[Dataset items]
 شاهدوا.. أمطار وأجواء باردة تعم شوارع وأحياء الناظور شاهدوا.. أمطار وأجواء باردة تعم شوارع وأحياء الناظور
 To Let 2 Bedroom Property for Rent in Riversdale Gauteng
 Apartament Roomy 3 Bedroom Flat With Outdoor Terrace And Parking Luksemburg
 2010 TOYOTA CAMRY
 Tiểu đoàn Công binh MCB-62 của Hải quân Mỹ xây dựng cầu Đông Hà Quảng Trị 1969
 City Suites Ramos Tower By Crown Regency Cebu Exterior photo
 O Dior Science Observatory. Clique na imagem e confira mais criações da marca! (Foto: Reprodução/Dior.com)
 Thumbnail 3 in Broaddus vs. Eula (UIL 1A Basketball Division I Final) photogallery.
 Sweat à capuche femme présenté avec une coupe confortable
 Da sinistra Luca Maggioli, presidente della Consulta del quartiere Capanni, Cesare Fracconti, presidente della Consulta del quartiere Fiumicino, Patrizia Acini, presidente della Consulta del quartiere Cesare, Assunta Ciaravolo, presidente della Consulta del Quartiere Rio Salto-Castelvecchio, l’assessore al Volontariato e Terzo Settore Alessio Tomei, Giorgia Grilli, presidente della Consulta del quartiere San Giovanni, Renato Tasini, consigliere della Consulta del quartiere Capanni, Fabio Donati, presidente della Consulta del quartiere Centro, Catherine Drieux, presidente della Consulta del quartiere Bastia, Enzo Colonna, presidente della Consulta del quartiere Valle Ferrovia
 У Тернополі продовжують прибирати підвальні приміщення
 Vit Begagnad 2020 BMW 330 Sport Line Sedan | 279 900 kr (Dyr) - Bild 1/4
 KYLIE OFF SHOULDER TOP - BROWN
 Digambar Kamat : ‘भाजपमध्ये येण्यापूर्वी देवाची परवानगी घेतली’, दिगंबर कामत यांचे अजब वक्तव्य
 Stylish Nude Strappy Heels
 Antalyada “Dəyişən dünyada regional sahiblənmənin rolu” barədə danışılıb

» **TASK DETAILS**: Lines from the one containing "Vit Begagnad 2020" through the end of the entries above must be copied exactly; include both ends and no other lines.

» **RESPONSE TO THIS TASK**:
 Vit Begagnad 2020 BMW 330 Sport Line Sedan | 279 900 kr (Dyr) - Bild 1/4
 KYLIE OFF SHOULDER TOP - BROWN
 Digambar Kamat : ‘भाजपमध्ये येण्यापूर्वी देवाची परवानगी घेतली’, दिगंबर कामत यांचे अजब वक्तव्य
 Stylish Nude Strappy Heels
 Antalyada “Dəyişən dünyada regional sahiblənmənin rolu” barədə danışılıb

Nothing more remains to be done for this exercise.